Abstract number : 1.110
Submission category :
Year : 2002
Submission ID : 1348
Source : www.aesnet.org
Presentation date : 12/7/2002 12:00:00 AM
Published date : Dec 1, 2002, 06:00 AM

Authors :
Eilis A. Boudreau, Timothy J. Dunn, Kore K. Liow, Joyce T. Turner, William H. Theodore, Leslie G. Biesecker, Susumu Sato. Epilepsy Research Branch, NINDS, NIH, Bethesda, MD; Genetics Disease Research Branch, NHGRI, NIH, Bethesda, MD

Objective: To identify polysomnographic differences among patients with non-syndromic hypothalamic hamartomas and seizures and patients with hypothalamic hamartomas associated with Pallister-Hall Syndrome (PHS).
The hypothalamus plays a key role in the regulation of sleep. Preliminary evidence suggests that sleep architecture, especially during rapid eye movement (REM) sleep, is altered in patients with non-syndromic hypothalamic hamartomas. The mechanism by which this occurs is not clear. To better understand this process, we collected preliminary data on two groups of patients with hypothalamic hamartomas. Group one patients have non-syndromic (sporadic) hypothalamic hamartomas and group two patients have hypothalamic hamartomas associated with Pallister-Hall Syndrome (PHS), an autosomal dominant disease, associated with hypothalamic hamartomas, central polydactyly, pituitary dysplasia/hypopituitarism, bifid epiglottis, and visceral anomalies.

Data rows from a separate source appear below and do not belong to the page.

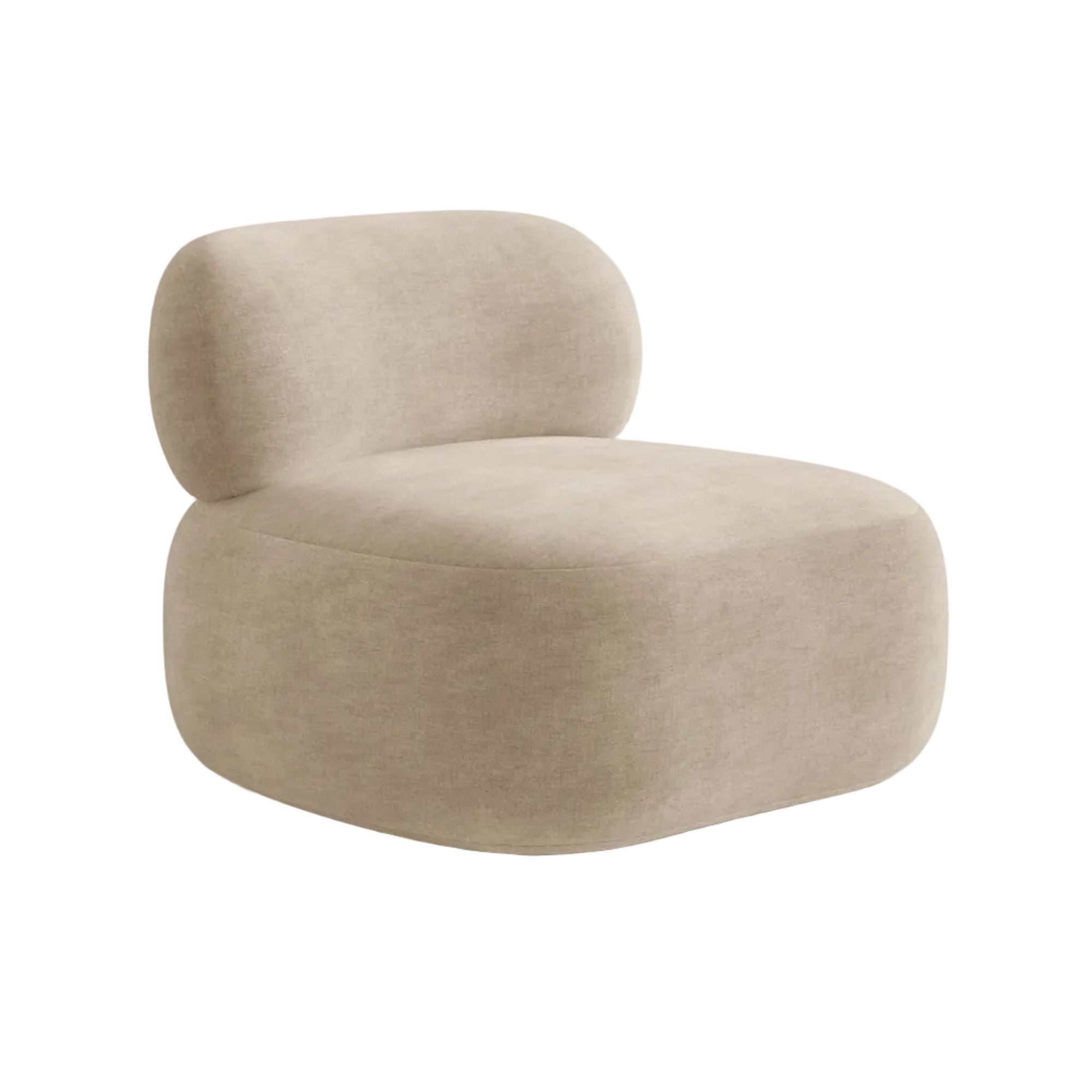 Beige AURA fauteuil van chenille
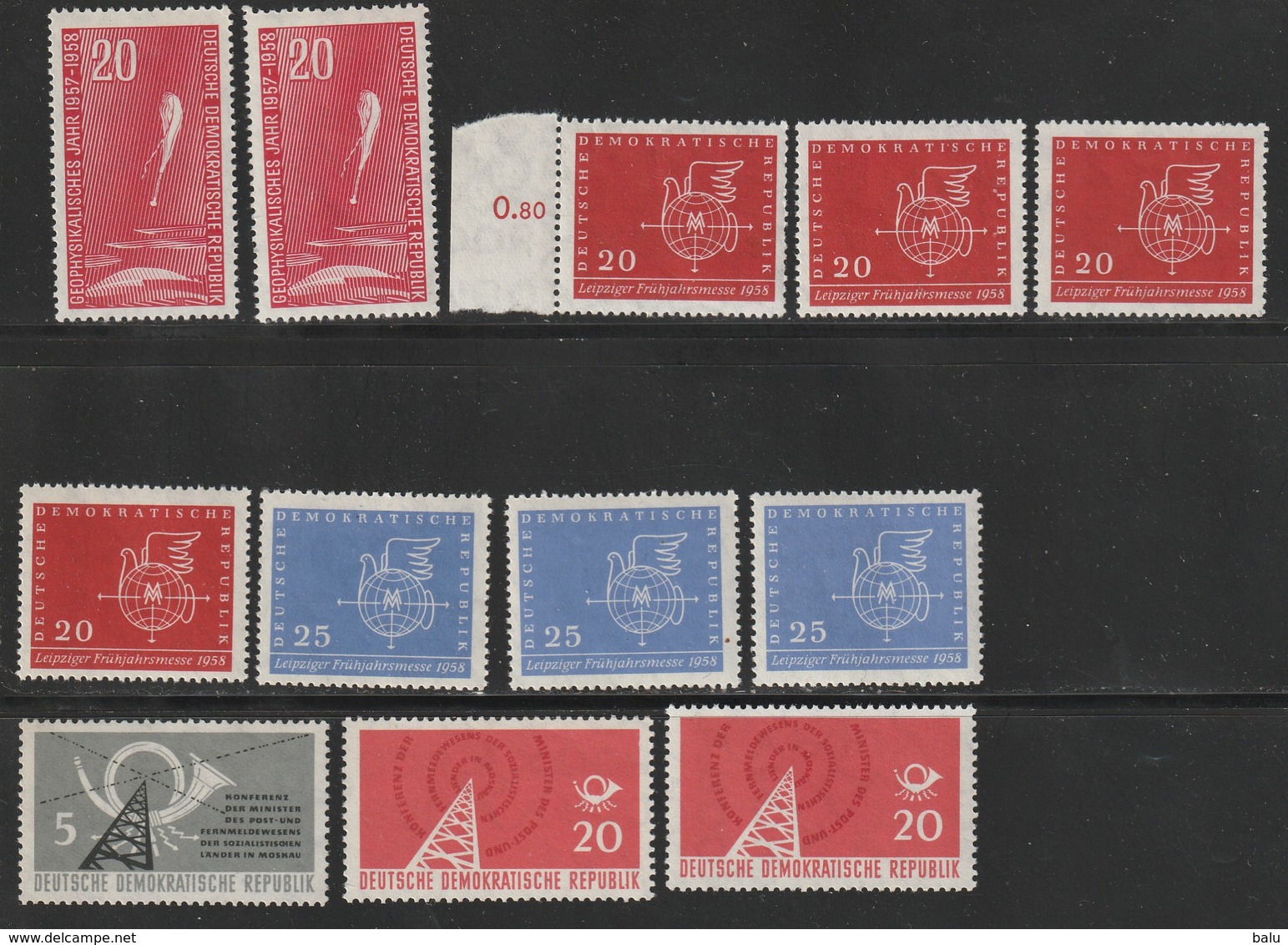 DDR 1958 Michel Nr.n 616 X2, 618 X4, 619 X3, 620, 621 X2, Alle Postfrisch - Ungebraucht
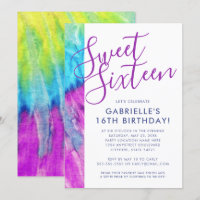 Tie Dye Hippy Chic Purple Aqua Blue Sweet 16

METHODS: Eight patients each underwent two nights of polysomnography (PSG). Ten nights of PSG data was available for the six patients with nonsyndromic hypothalamic hamartomas and four nights of PSG data was available for the two patients who had hypothalamic hamartomas associated with PHS. PSG data was analyzed for: latency to sleep onset, REM latency, percentage of time spent in each sleep stage, sleep efficiency, and presence of epileptiform discharges during the recording.
RESULTS: No significant differences were seen between the two groups with regard to sleep efficiency, latency to sleep onset, and percentage of time spent in non-REM sleep. However, a significant increase in REM latency and decrease in the percentage of time spent in REM sleep was seen in the non-syndromic group (mean 5.3%) when compared with the PHS group (mean 20.2%), who had normal REM latencies and REM durations. In the non-syndromic group, the characteristic bursts of rapid eye movement were more subtle and REM sleep was less sustained than in the PHS group. All six patients with non-syndromic hypothalamic hamartomas had a history of seizures and all had spike-wave discharges during PSG. There was a nonstatistically significant trend towards increased seizure frequency with decreased time spent in REM sleep. Neither of the PHS patients had a history of seizures and no spike-wave discharges were seen during PSG.
CONCLUSIONS: Sleep structure in the group with hypothalamic hamartoma associated with PHS was relatively preserved. However, the quality and quantity of REM sleep in the group of patients with non-syndromic hypothalamic hamartomas was disrupted. The correlation of seizure frequency with amount of time spent in REM sleep requires further investigation. The presence of a hypothalamic hamartoma may not by itself account for disruption of REM sleep in individuals with non-syndromic hypothalamic hamartomas.